METHODOLOGY
The proposed methodology involves the use of Optical Character
Recognition (OCR) and Large Language Model (LLM) for creating an
application that generates python codes from flowchart images. Flowchart
images uploaded on the application’s user interface that is developed
using Gradio are processed using a python library called EasyOCR to
extract the textual content from the flowcharts. It uses deep learning
models like VGG and ResNet for feature extraction, Long Short-Term
Memory networks to understand the sequential context of the extracted
features and Connectionist Temporal Classification algorithm to decode
the labeled sequences into actual text. A query is constructed using the
text extracted with OCR that is provided as a prompt to an LLM called
Llama 2 Chat (70 Billion Parameters Version) accessed using an API from
an online platform called Replicate. The output returned by the LLM
contains the python code and a brief explanation of it which is
extracted and stored in a python string object before returning it to
the user interface as the output for the uploaded flowchart.
Functionality to copy the python code displayed on the UI was also
incorporated to allow the user to test the code generated for the
uploaded flowchart.
Text Extraction using Optical
Character
Recognition
Optical Character Recognition (OCR) is a process in which readable text
is extracted from images containing textual content. It helps to
interpret printed or handwritten text from various sources such as
scanned documents or captured images. OCR operates on the principles of
pattern recognition and feature extraction. First, an input image
containing text is preprocessed by reducing the noise using Gaussian
filters and Morphological operations like Erosion and Dilation to
enhance its quality. Then the processed image is segmented into
individual characters to isolate them from the background employing
techniques like text line extraction with hough transform and word
extraction with connected component analysis. Statistical features like
density and direction of the foreground pixels in the image are
extracted using zoning, projection histograms, etc. Structural features
like cross points, strokes, loops, horizontal curves, etc are also
extracted. Finally, pattern matching algorithms are utilized to
interpret the extracted features, generating readable text output. A
library called EasyOCR is being used for extracting the text from the
flowchart components in the uploaded image. The uploaded flowchart image
is converted into an array using OpenCV. The image array is provided as
an argument to the readtext method of the Reader class from the EasyOCR
library. The method returns the extracted text, coordinates of the top
left and bottom right corner of the bounding box and the confidence
score of every word extracted from the image.

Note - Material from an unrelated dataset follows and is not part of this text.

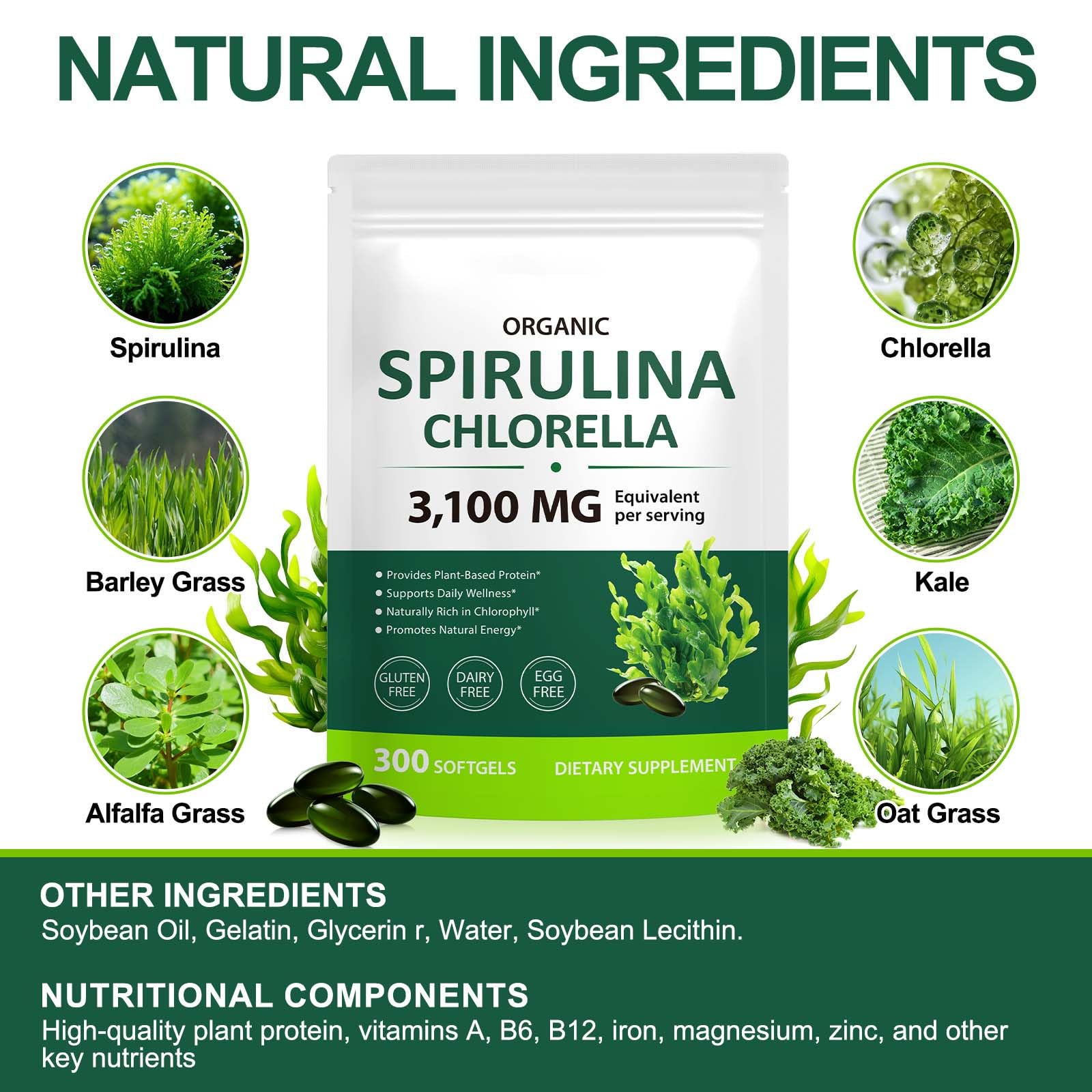 Tiuedu spirulina and chlorella nutrition label detail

All the extracted data is
stored in a variable. The bounding boxes of the extracted text are drawn
on the uploaded image and the text is put on the uploaded image at
appropriate positions using OpenCV methods as shown in Fig 1. Using
Matplotlib, the flowchart image with the bounding boxes and the
extracted text are displayed in a window.

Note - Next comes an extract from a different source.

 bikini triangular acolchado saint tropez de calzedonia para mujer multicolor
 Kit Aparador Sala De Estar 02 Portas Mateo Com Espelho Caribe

Fig 1. Extraction of text from flowchart components in the image using
OCR
Creating Structured Query for Large
Language Model
(LLM)
A custom python function named create_query was created to generate a
structured query for the Llama 2 LLM to generate the Python code from
the extracted text. The created function takes two parameters as inputs
which are as follows : A variable which contains the textual content and
the other details extracted from the flowchart image. This input is an
iterable containing tuples where each tuple contains three elements
which are the bounding box coordinates, the extracted text, and the
confidence score for that text. The other argument provided to the
function is a python string containing ”#. The function uses a for loop
to iterate all elements in img_text and extracts only the text from it,
this text is appended to the python string and then the ”def” string is
attached to it at the end. The final structured query string is returned
from the function. The query string containing the OCR extracted text
can be provided to a LLM as a user input and it can generate the python
code for the extracted text as shown in Fig 2.